La commission des affaires sociales du Conseil national planche sur un projet qui mêlerait deux réformes distinctes. D’un côté, le Conseil fédéral souhaite réduire sensiblement les rentes de survivants afin d’économiser plusieurs centaines de millions de francs par an. A l’avenir, les veuves ne devraient plus toucher de rente à vie.
De l’autre, le Centre veut abolir ce qu’il considère comme une pénalité de mariage: actuellement, un couple marié ne peut percevoir au maximum que 150% d’une rente AVS, soit 3780 francs par mois. Les concubins, eux, peuvent recevoir deux rentes pleines, soit jusqu’à 5040 francs au total. Le parti entend corriger cette inégalité par une initiative populaire.
L'UDC troque les veuves contre les mariés
Ce vendredi 23 mai, la commission examinera l’idée de fusionner ces deux dossiers dans un contre-projet à l’initiative du Centre. L’idée vient de l’UDC. Son président, Marcel Dettling, a déjà indiqué à Blick qu’il n’accepterait une réduction des rentes de veuves qu’en échange d’une hausse des rentes pour les couples mariés.
Thomas Aeschi, chef du groupe UDC, défendra cette position devant la commission. Le plafond des rentes pour couples mariés passerait de 150% à 175%, en contrepartie d’un plafonnement des rentes de veuves et de la suppression des rentes pour enfants versées à des parents âgés. «S’il n’y a pas de contre-projet, je soutiendrai l’initiative du Centre», prévient Thomas Aeschi.

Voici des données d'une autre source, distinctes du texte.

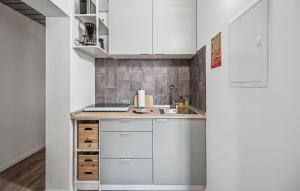 Η κουζίνα ή μικρή κουζίνα στο Gorgeous Apartment In Oberhof With Wifi - Dth314
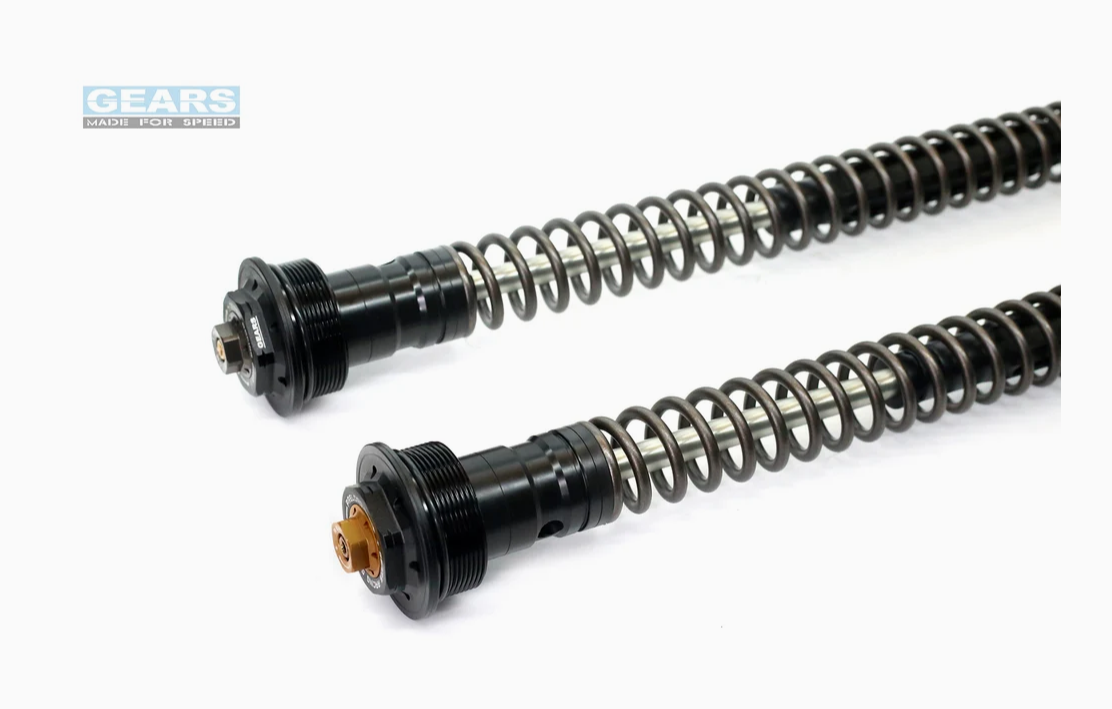 HONDA REBEL 500 (19~)/REBEL 500S (22~) FFC-250-T Front Fork Cartridge Conventional Forks - Wadamart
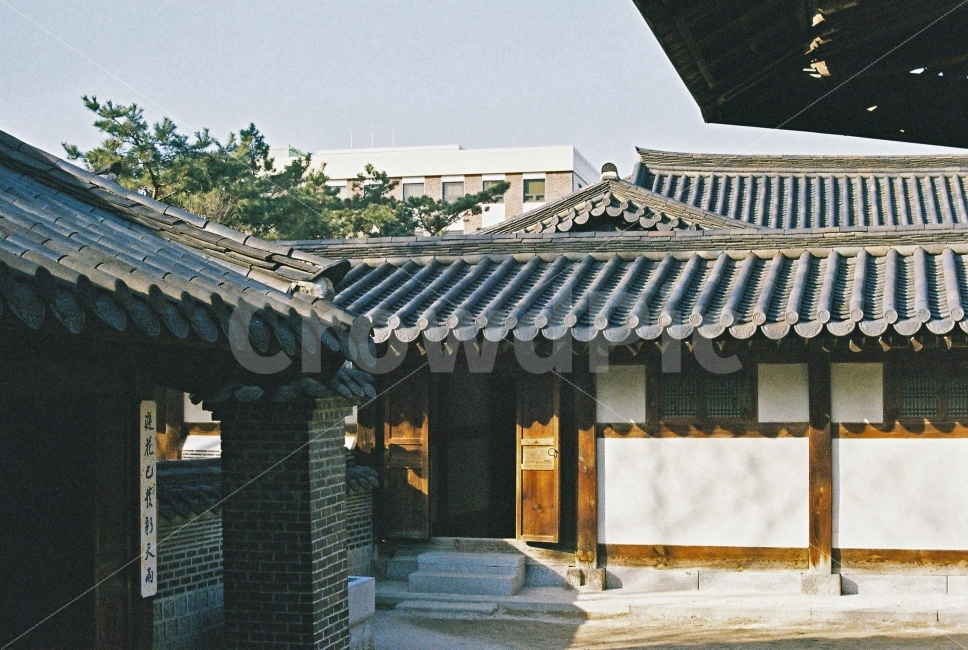 한옥,전통,감성,나무,필카,필름카메라,풍경,빛,그림자,운현궁,한국전통,한국문화,korean traditional,korean culture,감성,sensible,feeling,건축물,건물외관,exterior,building,structure,architecture,construction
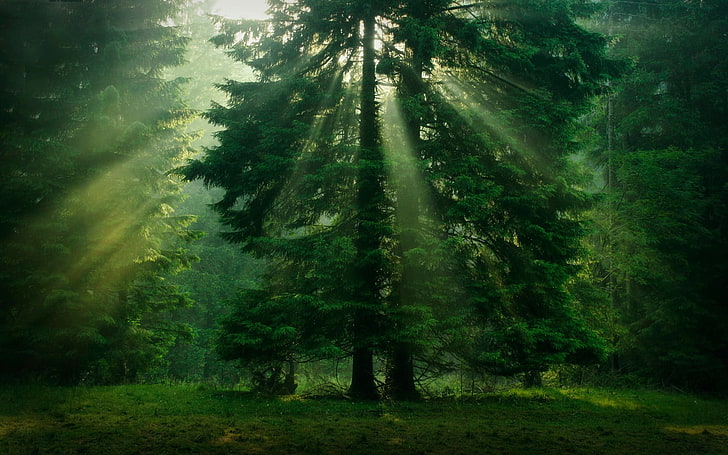 Evergreen Forest, tranquility, foliage, no people, light  natural phenomenon Free HD Wallpaper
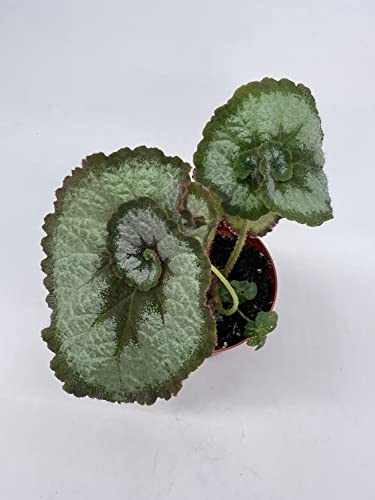 Begonia Escargot, Painted-Leaf Begonia, 4 inch, Escargot Variegation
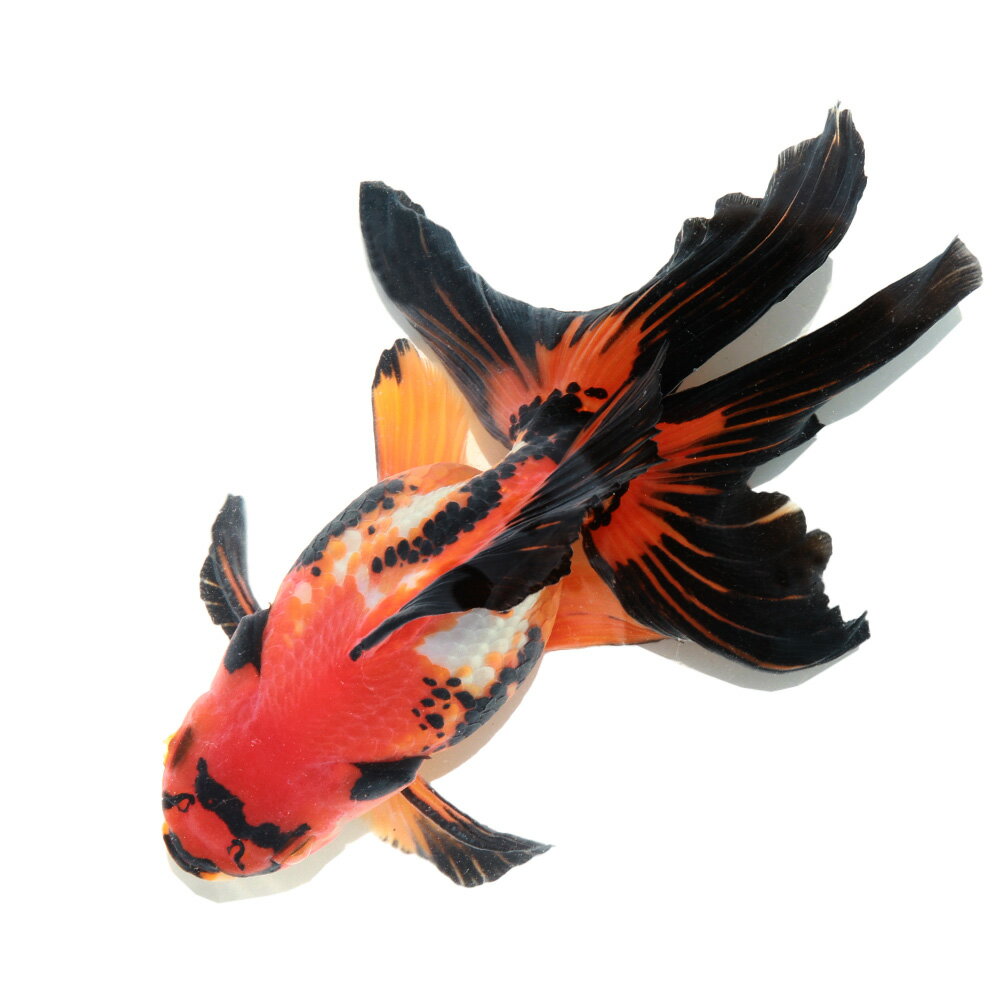 �ʶ���˰���ʪ���ȥꥫ�顼ΰ�⡡�֥����ɥơ��롡18cm�ޡ��ʳ��񻺡ˡ�1ɤ��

Une politique «antisociale»
La gauche rejette catégoriquement cette approche. «L’UDC veut augmenter les rentes des couples sur le dos des veuves», accuse Mattea Meyer, coprésidente du PS. «Jamais nous ne soutiendrons une politique aussi antisociale.» Elle se dit néanmoins prête à discuter d’un relèvement du plafond pour les couples mariés, à condition de supprimer certains avantages comme l’exonération de cotisations pour les conjoints sans activité professionnelle.

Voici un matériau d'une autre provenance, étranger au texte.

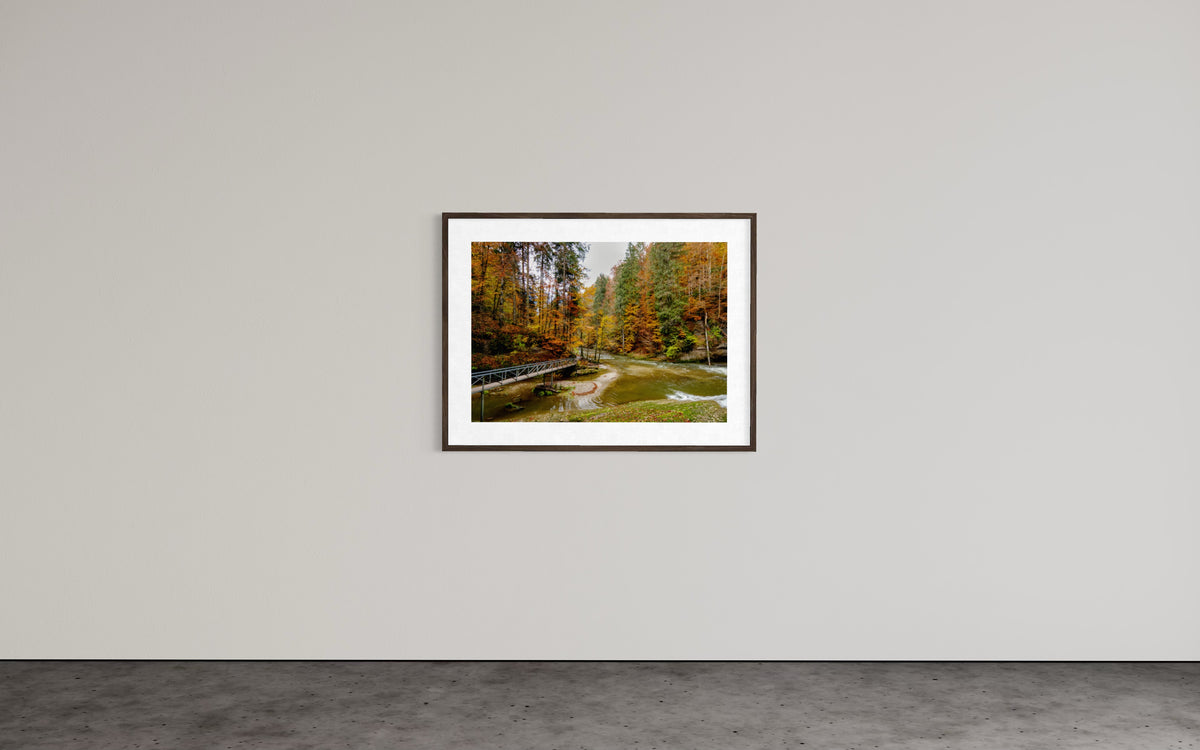 Die Wutachschlucht im Herbst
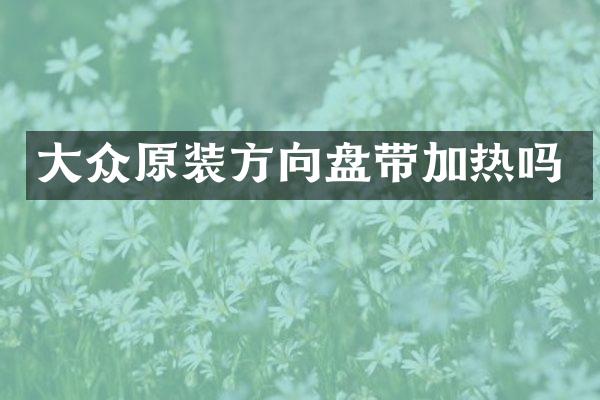 大众原装方向盘带加热吗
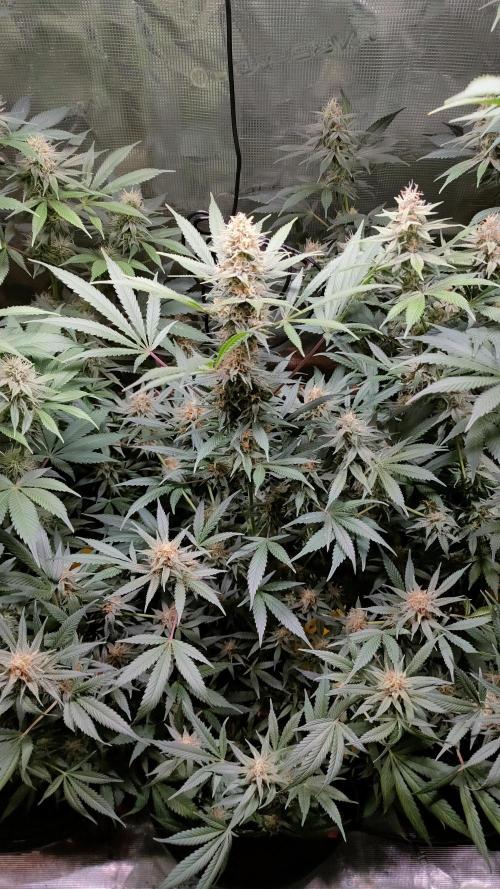 Eternity Grow Cup 2026. Week 13 - Plant 2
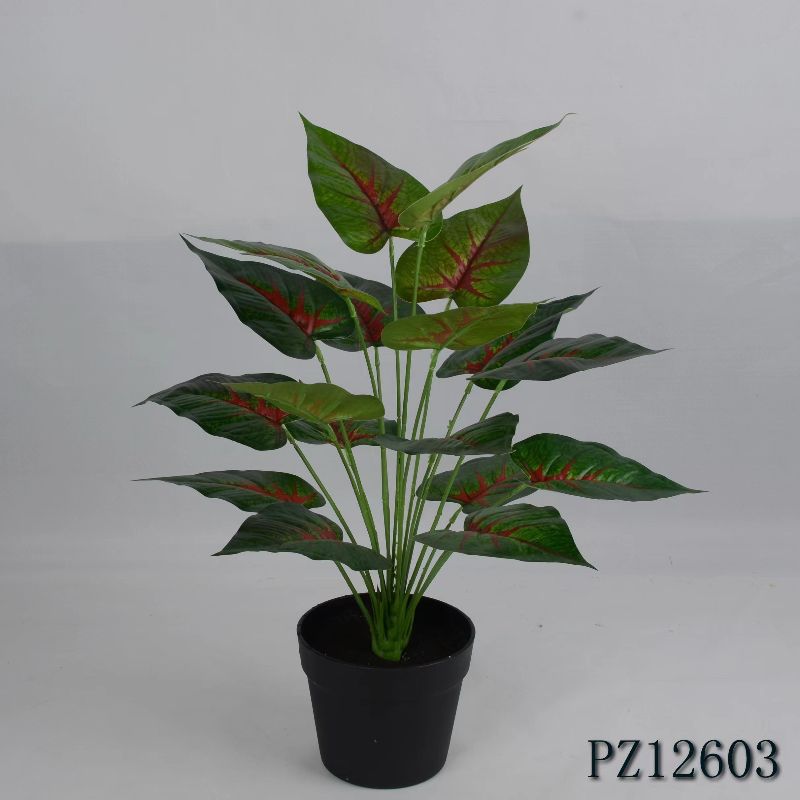 "Fresh and clean plants" details Picture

Le PLR défend quant à lui une rente individuelle indépendante de l’état civil. Une idée qui reste sans majorité, mais le parti se dit ouvert à des ajustements pragmatiques. «Nous pourrions accepter un plafond à 165%, à condition que le projet soit neutre pour les finances publiques, avance le conseiller national Andri Silberschmidt. Il faut un équilibre. Si nous développons des prestations d'un côté, nous devons compenser ailleurs.» Il propose notamment de supprimer certains suppléments, comme ceux pour les veuves et veufs.
Alliances encore floues
Un accord entre l’UDC et le PLR donnerait 12 voix sur 25 à la commission. Il en manquerait donc une pour former une majorité. Elle pourrait venir du Parti vert’libéral. Patrick Hässig se dit favorable à un contre-projet à condition qu’il soit budgétairement neutre et équitable pour les générations futures. «Le plafond, s'il doit être relevé, ne devrait pas l'être d'un seul coup, mais par étapes.» Il est convaincu qu'une telle solution constituerait une alternative solide à l’initiative du Centre.
Un autre scénario envisage une alliance entre le PLR, le PS et les Vert’libéraux. Mais les lignes de fracture sont nombreuses, et les compromis radicaux semblent hors de portée. A ce stade, il est encore impossible de dire si un contre-projet verra le jour, ni sous quelle forme.
Pendant ce temps, le Centre reste campé sur sa position. «Nous n’entrerons pas en matière sur un contre-projet qui oppose veuves et couples mariés», tranche Thomas Rechsteiner, conseiller national. Pour lui, les deux projets doivent être traités séparément: l’un vise une réforme socialement acceptable des rentes de survivants, l’autre entend corriger une inégalité flagrante entre couples mariés et concubins. «Il s'agit d'éliminer une injustice», conclut-il.